[Extracted data entries]
##########

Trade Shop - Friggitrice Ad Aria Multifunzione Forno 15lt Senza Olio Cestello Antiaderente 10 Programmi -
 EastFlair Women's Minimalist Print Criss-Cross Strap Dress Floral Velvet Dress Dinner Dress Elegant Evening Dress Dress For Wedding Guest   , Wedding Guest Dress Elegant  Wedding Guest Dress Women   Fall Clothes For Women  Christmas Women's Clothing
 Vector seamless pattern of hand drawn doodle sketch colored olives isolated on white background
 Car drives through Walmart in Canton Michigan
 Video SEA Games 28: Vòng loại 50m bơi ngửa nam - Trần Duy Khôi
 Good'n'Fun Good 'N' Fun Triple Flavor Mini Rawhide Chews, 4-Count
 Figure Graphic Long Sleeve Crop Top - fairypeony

##########

## Assignment
Every record should be retyped so that it matches the original exactly.

## Response area
Trade Shop - Friggitrice Ad Aria Multifunzione Forno 15lt Senza Olio Cestello Antiaderente 10 Programmi -
 EastFlair Women's Minimalist Print Criss-Cross Strap Dress Floral Velvet Dress Dinner Dress Elegant Evening Dress Dress For Wedding Guest   , Wedding Guest Dress Elegant  Wedding Guest Dress Women   Fall Clothes For Women  Christmas Women's Clothing
 Vector seamless pattern of hand drawn doodle sketch colored olives isolated on white background
 Car drives through Walmart in Canton Michigan
 Video SEA Games 28: Vòng loại 50m bơi ngửa nam - Trần Duy Khôi
 Good'n'Fun Good 'N' Fun Triple Flavor Mini Rawhide Chews, 4-Count
 Figure Graphic Long Sleeve Crop Top - fairypeony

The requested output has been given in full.